Sterling fell to a more than two-year low against a trade-weighted basket of currencies today, hurt by a survey that showed growth in the manufacturing sector missing expectations amid persistent concerns over a possible British exit from the European Union.

An online poll by market research agency TNS showed the rival campaigns for Britain to stay in or leave the European Union running neck-and-neck.

The 'in' and 'out' camps both had support from 35% of respondents in the poll, with 30% still undecided.

The Markit/CIPS manufacturing Purchasing Managers' Index (PMI) rose to 51.0 last month, short of economists' forecasts of 51.2.

The survey showed new export orders contracting while the manufacturing sector stagnated.

Sterling fell 1.1% to $1.4195, with losses accelerating after a better-than-expected US jobs report that pushed the dollar higher.

The euro was up 1.12% against the pound at 80.01p at 4.56pm Irish time, its highest since November 2014.

That put trade-weighted sterling at 84.3, its lowest since December 2013.

The index endured its worst quarter since late 2008 between January and March.

"General risk aversion, which is bad for sterling, worries about Brexit and the UK data are all prompting investors to sell the pound before the weekend," said a spot trader.

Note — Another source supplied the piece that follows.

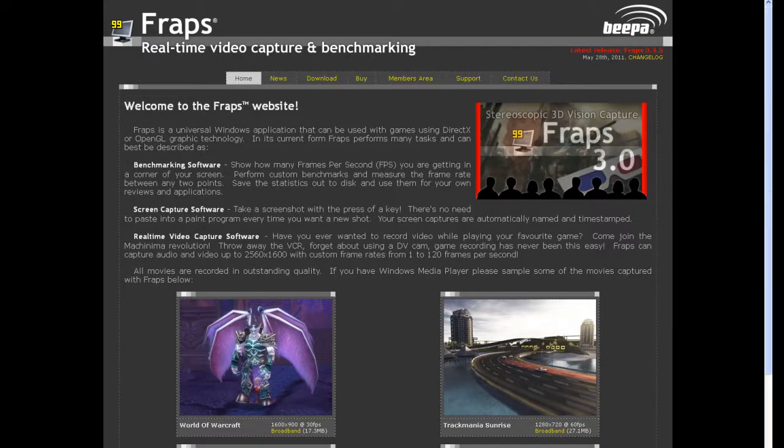To record actual RuneScape footage I use a program, a software called Fraps. Here is the website and the link will also be in the description below. In my opinion Fraps is the best recording software, it does what it does best. There are several other programs out there like Camtasia and so on, but this is my guide on how to do things.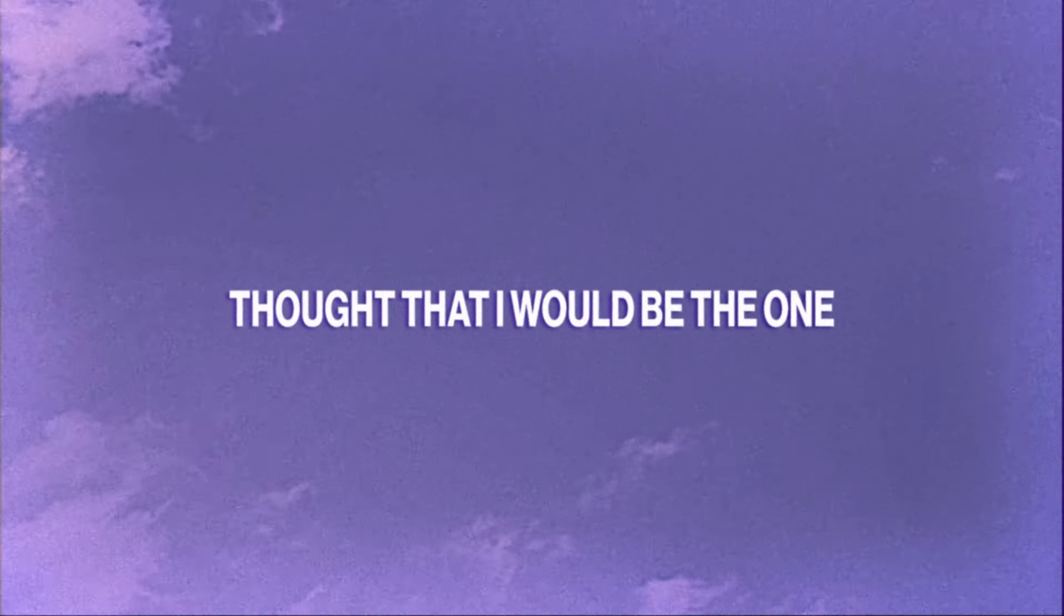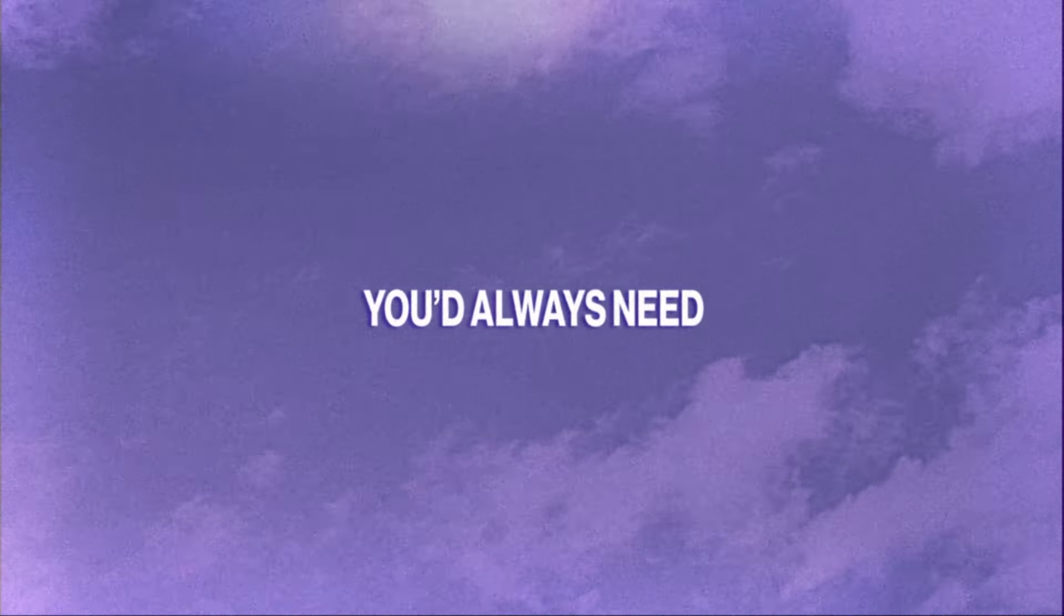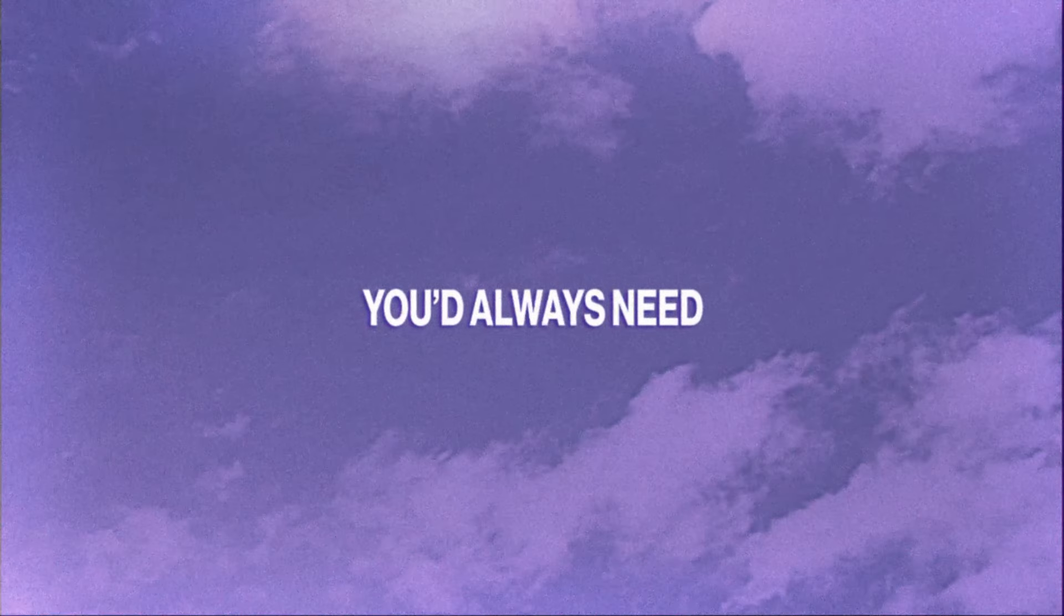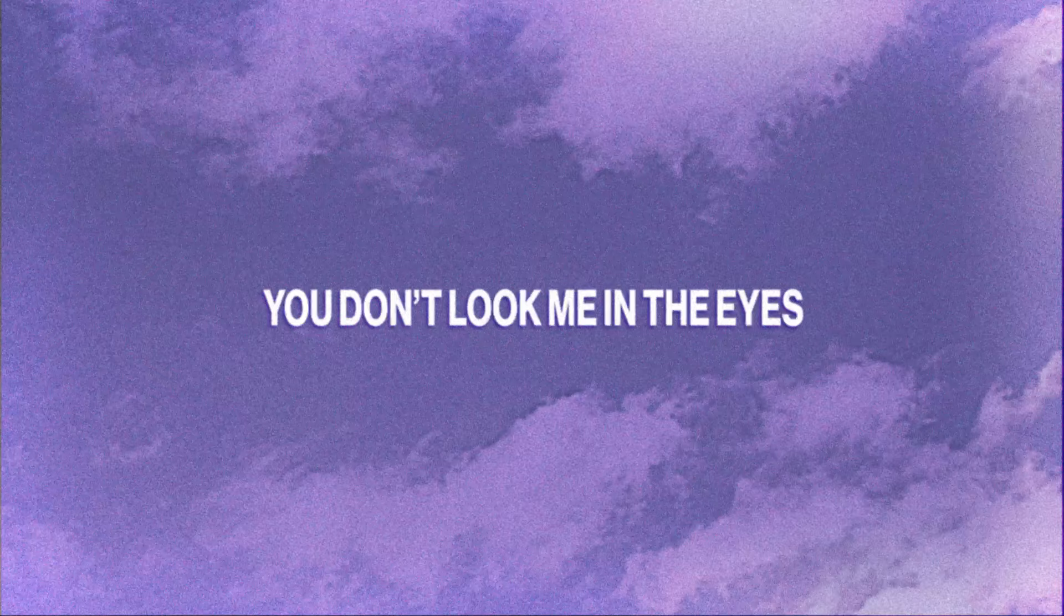I thought that I would be the one you'd always need. You don't look me in the eyes as I cry on my knees. You don't look me in the eyes as I cry.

The PMI survey is likely to sour sentiment towards sterling, already rattled by the prospect of Britons voting to leave the EU in a 23 June referendum, which banks reckon would deal a substantial blow to the economy and currency.

"We expect risk for the pound to be tilted to the downside," said Daniel Trum, strategist at UBS Wealth Management.

"We still expect the UK to stay in the EU and see a 30% risk of a Brexit. But we acknowledge that sterling will temporarily suffer from investors partly preparing for a different outcome."

He recommended investors to sell sterling at $1.44 with a target of $1.38 and stop-loss at $1.48.

Global investors worry that leaving the EU would threaten the huge foreign investment flows Britain needs to fund its current account deficit, one of the biggest in the developing world.

Hans Redeker, global head of currency strategy at Morgan Stanley, said the widening deficit was driven by reduced earnings from abroad by UK companies, in particular commodity-related companies.

He said outflows from UK real estate funds highlighted Brexit risks and sovereign wealth funds could pull out more money this year, adding to sterling weakness.